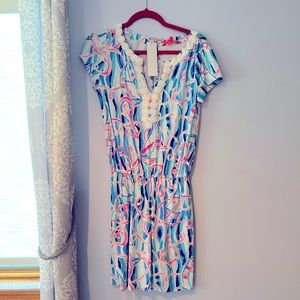 NWT LILLY PULITZER SKORT ROMPER SKIM BLUE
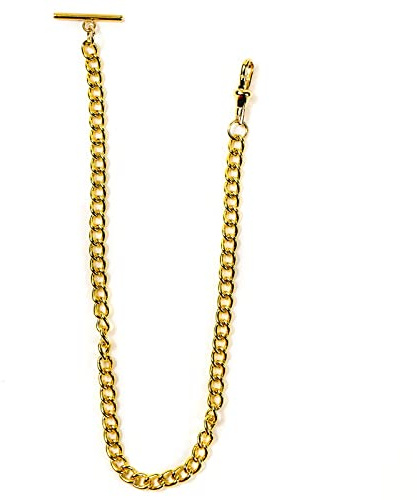 YECSOSS Men's Pocket Watch Chain Albert Chain, Gold Vest Chain with T-bar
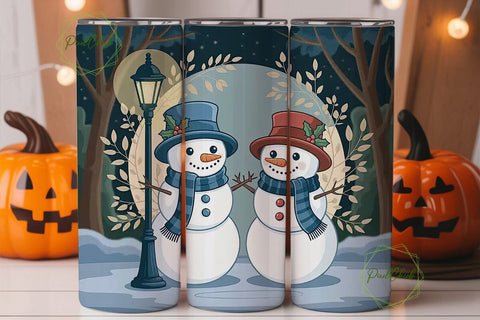 Cozy Snowmen Christmas 20oz Tumbler Wrap Sublimation PixelChick 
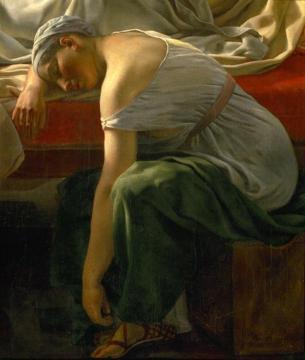 A sleeping woman Artwork by Christoffer Wilhelm Eckersberg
....
§ Problem statement
Where pictures occur in the material above, omit them and return everything else exactly.

§ Solved exercise
 NWT LILLY PULITZER SKORT ROMPER SKIM BLUE
 YECSOSS Men's Pocket Watch Chain Albert Chain, Gold Vest Chain with T-bar
 Cozy Snowmen Christmas 20oz Tumbler Wrap Sublimation PixelChick 
 A sleeping woman Artwork by Christoffer Wilhelm Eckersberg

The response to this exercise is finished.